De plus, le DDP inscrit au Registre foncier peut être grevé d’un titre hypothécaire ce qui laisse la possibilité au superficiant et au superficiaire de contracter une dette sur la valeur de la part qu’il détient.
A titre individuel, il présente aussi certains avantages. Du côté du superficiant (propriétaire du terrain), le DDP lui permet de conserver la maîtrise foncière et de préserver son patrimoine sur le très long terme tout en lui assurant une rentabilité du fait de la perception de la rente convenue.
Du côté du superficiaire, il agit comme un facilitateur d’accession à la propriété par le biais :
- D’un prix d’achat (très) attractif puisque le terrain n’est pas intégré à la transaction à contrario d’une transaction en pleine propriété qui chiffre généralement la part terrain entre 20 à 50% du prix total, dépendamment de sa localisation.
- D’une structure de financement à priori plus accessible puisque le prix d’achat inférieur revient à injecter un montant de fonds propres moindres et à solliciter un montant de prêt immobilier plus faible.

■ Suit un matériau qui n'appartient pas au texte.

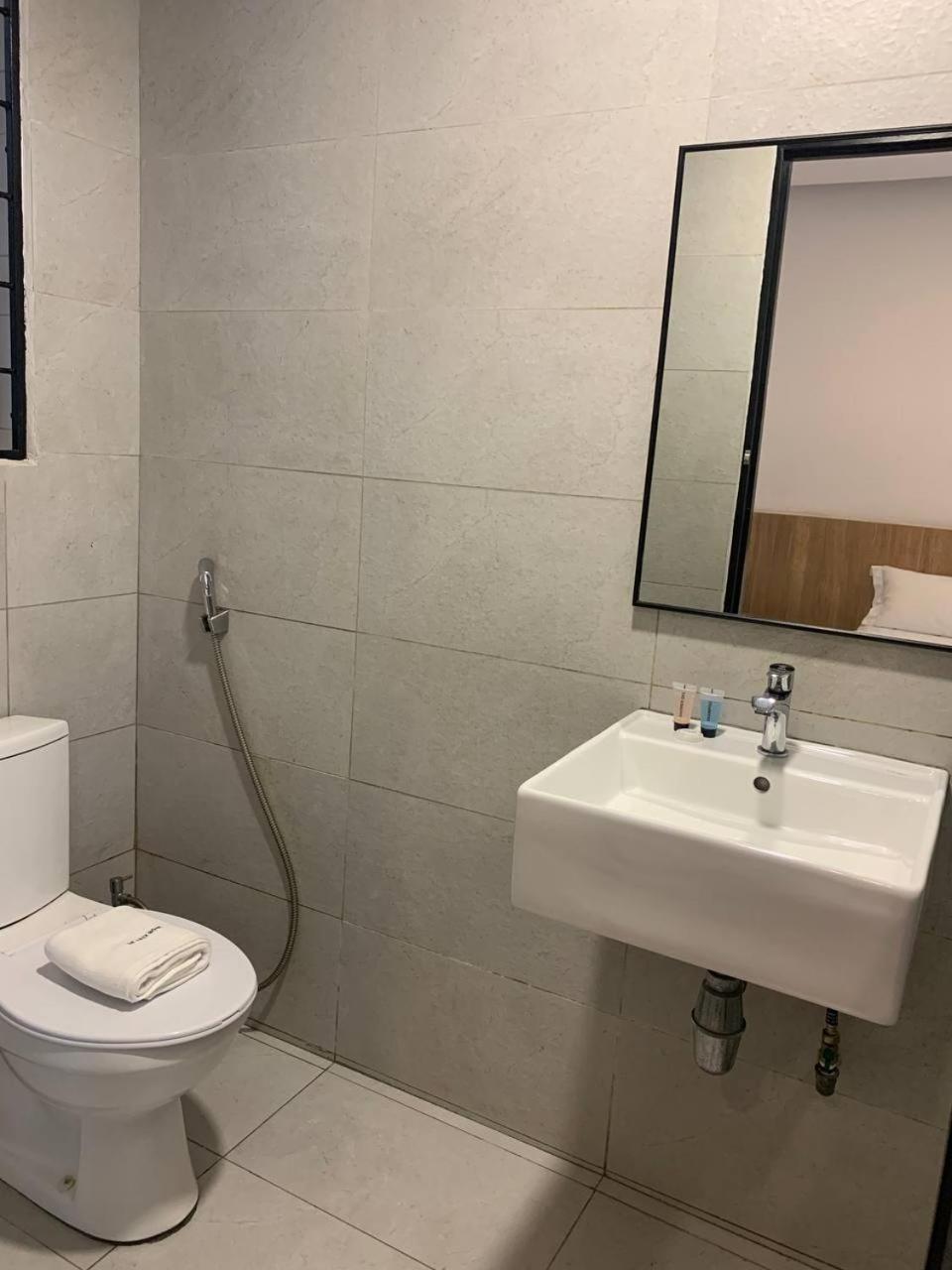 The Daily Hotel Kota Kinabalu Ngoại thất bức ảnh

Toutefois, bien que le montant d’investissement initial se limite au coût de construction des immeubles, il est important de préciser que cette solution n’équivaut pas toujours à une bonne affaire. En effet, ce mécanisme, intégrant le versement d’une rente qui peut être plus ou moins équitable en pratique, peut être assimilé à une location longue durée d’un terrain, augmentant ainsi le montant total des charges mensuelles du superficiaire à prendre en compte. Certes, il injectera moins de fonds propres au départ et il aura une dette hypothécaire moins élevée mais, il paiera un montant régulier, à pertes, puisqu’il ne deviendra jamais propriétaire du terrain. Quant au superficiant, la rente doit suffisamment rentabiliser le patrimoine qu’il immobilise et le risque pris pendant la durée du DDP.
N'oublions pas de citer que le superficiaire et le superficiant restent de facto liés pendant la durée de vie du DDP et que dans les perspectives lointaines de l’échéance convenue, il est parfois (souvent) difficile de prédire quelle sera l’évolution de la situation économique, du marché immobilier et personnelles des parties prenantes.
Toutes ces particularités et ces incertitudes sont donc à prendre en compte au moment de la création d’un DDP et-ou de son achat.
De par les mécanismes financiers et mathématiques qui régissent l’estimation immobilière d’un DDP, il est également important de garder en mémoire que, plus son échéance est proche, plus les conditions convenues auront un impact fort sur la valeur vénale déterminée.
Dans ce contexte particulier, l’expertise immobilière représente donc d’une part, un outil permettant d’examiner la pertinence et le coût réels des éléments constitutifs du DDP et d’autre part, un outil d’évaluation immobilière servant d’appui dans le contexte d’une transaction.